This repository is the official implementation of Towards Better Object Detection in Scale Variation with Adaptive Feature Selection , which is based on PaddleDetection.
- Linux (Windows is not officially supported)
- Python 3.6 or higher
- PaddlePaddle 1.8.0 or higher
- CUDA 9.0+
- cuDNN 7.6+
- GCC 4.9+
- mmcv
a. Create a conda virtual environment and activate it.
conda create -n afsm_detection python=3.6 -y
source activate afsm_detection
b. Install PaddlePaddle following the official instructions.
e.g.
python -m pip install paddlepaddle-gpu==1.8.5.post97 -i https://mirror.baidu.com/pypi/simple
c. Clone our code
git clone https://github.com/ZeHuiGong/AFSM.git
cd AFSM_Detection
d. install requirements and compile
pip install mmcv==0.2.8
pip install pycocotools
pip install -r requirements.txt
e. Run the following command to test the installation is correct.

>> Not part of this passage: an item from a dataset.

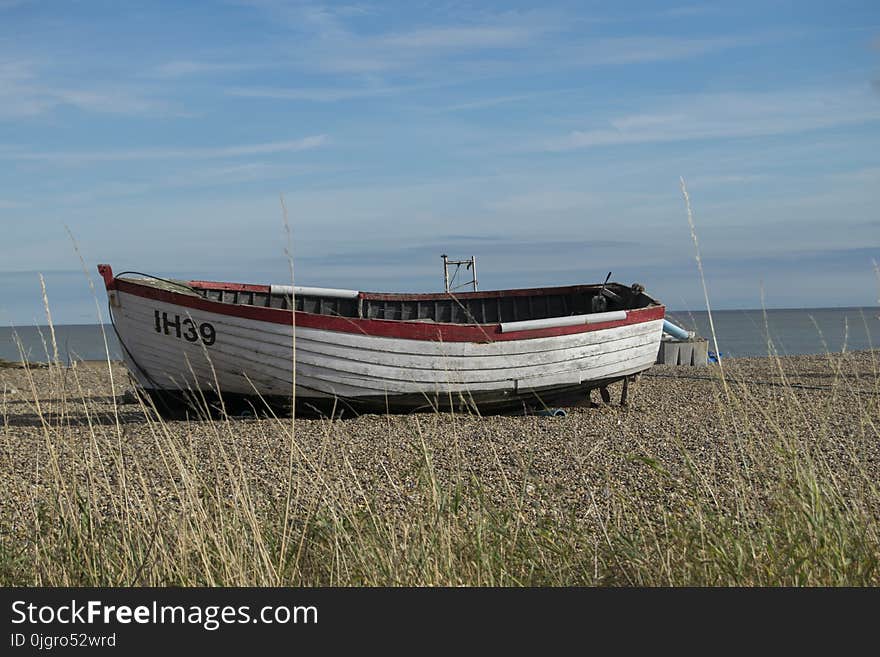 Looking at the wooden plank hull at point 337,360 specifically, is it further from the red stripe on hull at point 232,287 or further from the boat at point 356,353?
the red stripe on hull at point 232,287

python ppdet/modeling/tests/test_architectures.py
f. After the test is passed, the following information will be prompted:
..........
----------------------------------------------------------------------
Ran 12 tests in 2.480s
OK (skipped=2)
It is recommended to symlink the dataset root to AFSM_Detection/dataset
. Our directory structure is as follows:
AFSM_Detection
├── configs
├── ppdet
├── dataset
│ ├── voc
│ │ ├── test.txt
│ │ ├── trainval.txt
│ │ ├── label_list.txt
│ │ ├── VOCdevkit
│ │ │ ├──VOC2007
│ │ │ ├──VOC2012
│ ├── visdrone
│ │ ├── val2019
│ │ ├── train2019
│ │ ├── test_dev2019
│ │ ├── test_challenge2019
│ │ ├── annotations
- VisDrone (one of the following two methods):
- You can go to the official website to download the dataset and annotations (need to register), and transfer the annotation from
.txt
to coco.json
format using the following command:
python ppdet/data/tools/visDrone/visdrone2019.py
- Or download our processed version from BaiduAI.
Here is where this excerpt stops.